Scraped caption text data
☆ ☆ ☆ ☆

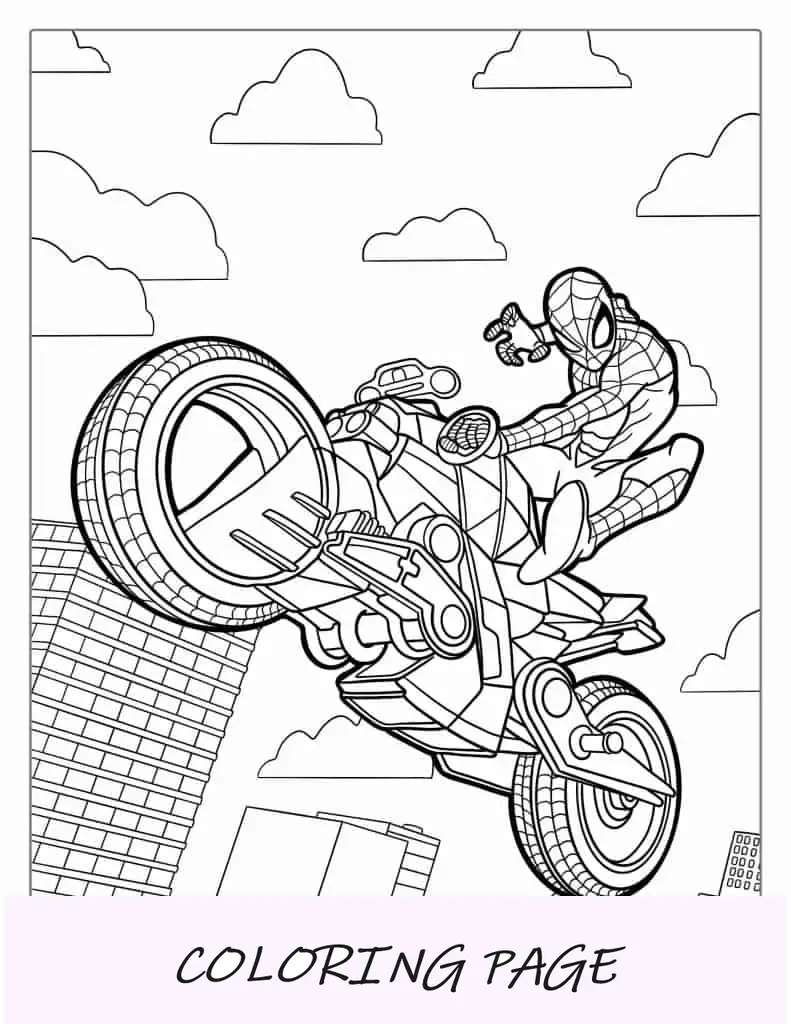 Página para colorear de motocicleta de Spider-Man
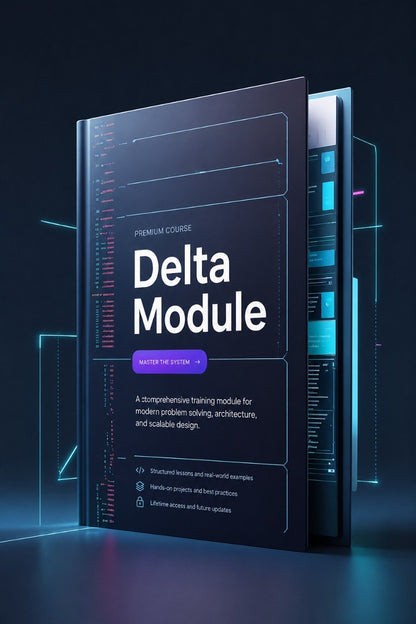 A digital promotional render of a dark blue book or course cover titled "Delta Module" with glowing cyan interface graphics and text on a dark blue background.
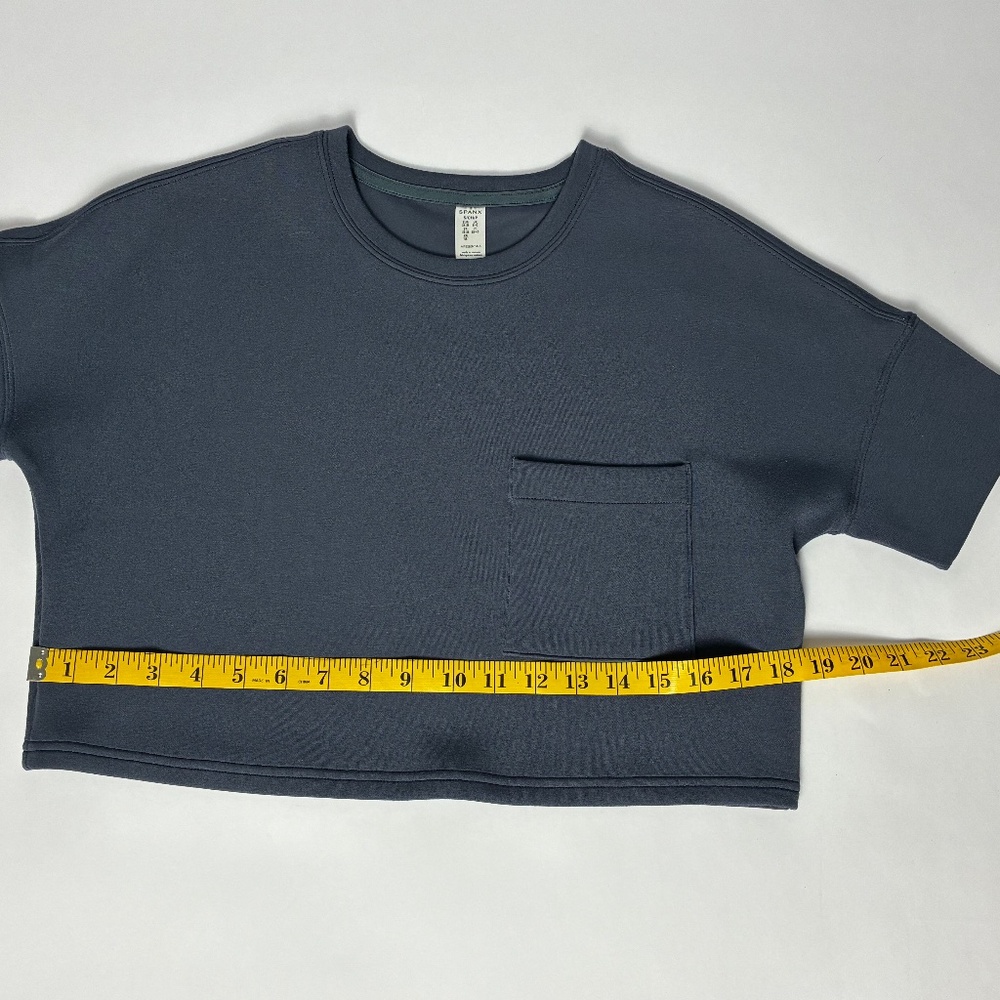 Spanx AirEssentials Cropped Tee Small – Smoke Gray - Picture 5 of 7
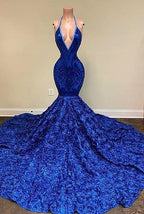 Dignified Blue Halter V-neck Sequins Split Front Sleeveless Floor-length Mermaid Prom Dresses by misshow.com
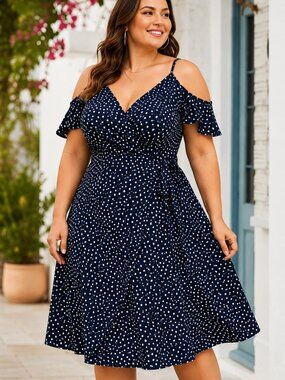 City Chic Navy Polka Dot Wrap Dress – XXL / Size 24.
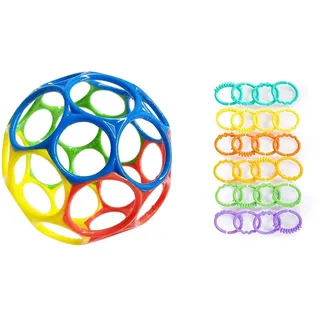 Bright Starts, Oball Classic &, Oball, Kinderwagenkette Verbindungsglieder, Lots of Links, biegbar, einfach zu befestigen, leichte Reinigung, perfekt für unterwegs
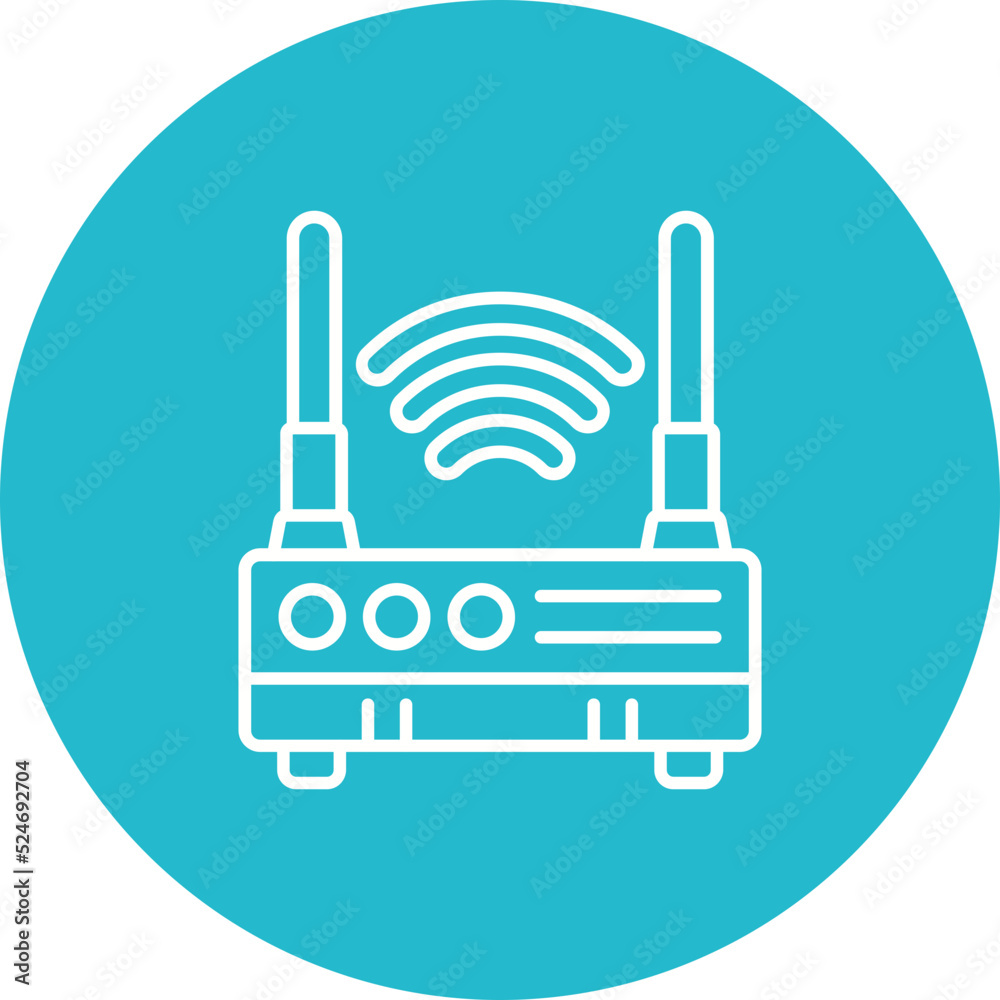 Wireless Router Multicolor Circle Line Inverted Icon Wireless Router Multicolor Circle Line Inverted Icon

☆ ☆ ☆ ☆

▸ **REQUIRED ACTION**: Beginning with the line where "City Chic Navy" appears, restate word for word every line down to the last one in the data, but keep the pictures out.

▸ **EXERCISE SOLUTION**:
 City Chic Navy Polka Dot Wrap Dress – XXL / Size 24.
 Bright Starts, Oball Classic &, Oball, Kinderwagenkette Verbindungsglieder, Lots of Links, biegbar, einfach zu befestigen, leichte Reinigung, perfekt für unterwegs
 Wireless Router Multicolor Circle Line Inverted Icon Wireless Router Multicolor Circle Line Inverted Icon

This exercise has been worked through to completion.